AI generators do best with references, but if a real person’s face, body, likeness, personality, or voice becomes creative input, they deserve agency.
Especially if you’re interested in collaborating, have them in a casting pool, on a callback, or they’re already committed to the project and have a direct line to them…just get their consent. Feeding someone's likeness into an algorithm, is different than a Photoshop comp.
Even if it’s “just internal.” Even if it’s “just a comp.”
01
Human storytelling
should feature
real humans.
Telling human stories is what gives our work meaning. Telling those stories with real humans, transcends that meaning. The collaboration, the performance, holding space for magic to happen … That’s the work.
There is a place for ‘Synthetic Performers’ in experimentation, concepting, or even graphics heavy worlds. But for work reflecting the human experience, asking the viewer to connect emotionally, I believe in real people.
Be mindful of diversity
in mocks
02
Be mindful of identity, stereotypes, and diversity in AI-generated imagery, because internal mocks can quickly become real life.
The more I work in creative and advertising, the more I see how susceptible humans are to the imprint of visual imagery. Our subconscious easily retains visuals and how they made us feel.
Inevitably, mocks will affect production decisions down the line, but now with the hyper-realism of generative AI, agencies seem steadfast in locking in production choices based on what the client has already seen & liked.

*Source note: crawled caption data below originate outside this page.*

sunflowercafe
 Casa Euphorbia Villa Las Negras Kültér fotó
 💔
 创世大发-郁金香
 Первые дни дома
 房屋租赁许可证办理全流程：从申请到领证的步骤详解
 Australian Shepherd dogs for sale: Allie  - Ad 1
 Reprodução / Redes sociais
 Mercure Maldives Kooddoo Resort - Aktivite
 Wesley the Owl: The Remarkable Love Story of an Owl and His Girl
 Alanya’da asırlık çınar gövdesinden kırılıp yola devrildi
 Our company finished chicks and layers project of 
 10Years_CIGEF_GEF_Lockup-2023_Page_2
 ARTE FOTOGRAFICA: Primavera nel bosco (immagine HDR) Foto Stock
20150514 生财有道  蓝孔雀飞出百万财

Let’s continue to be mindful of prompts and inputs, question outputs, and hold the intention of our work to reflect the breadth of our audience.
Larger and Longer,
need real people
Smaller and Shorter,
ok with AI
04
Advertising formats that rely big-time on time and space; OOH billboards, TV commercials, social sob-stories, generally ‘awareness level’, top of funnel assets, should feature real humans.
The more time that we spend with an asset, the larger its scale, the more opportunity we have for real human connection and to be connected to the brand. To experience the brand authentically. We shan’t be distracted by its algorithmic imperfections that we perceive consciously or subconsciously.
Super low-funnel-performance-enriched-targeted ads is where AI Simulations are most successful. AI for high volume and short attention spans, you either click quickly or you move on.
If you’ve go the budget,
pay a human.
05
This one is going to get me fired …
If an agency, producer, or existing client-facing budget has line-itemed a talent fee; VO, art, music illustration, or any other human craft - use that money to hire talent.
Talented creatives all over the world are looking for work. And reminder that in the US, most artists sustain their practice by being in the industry.
If the money is there, somebody talented will be excited to do the work.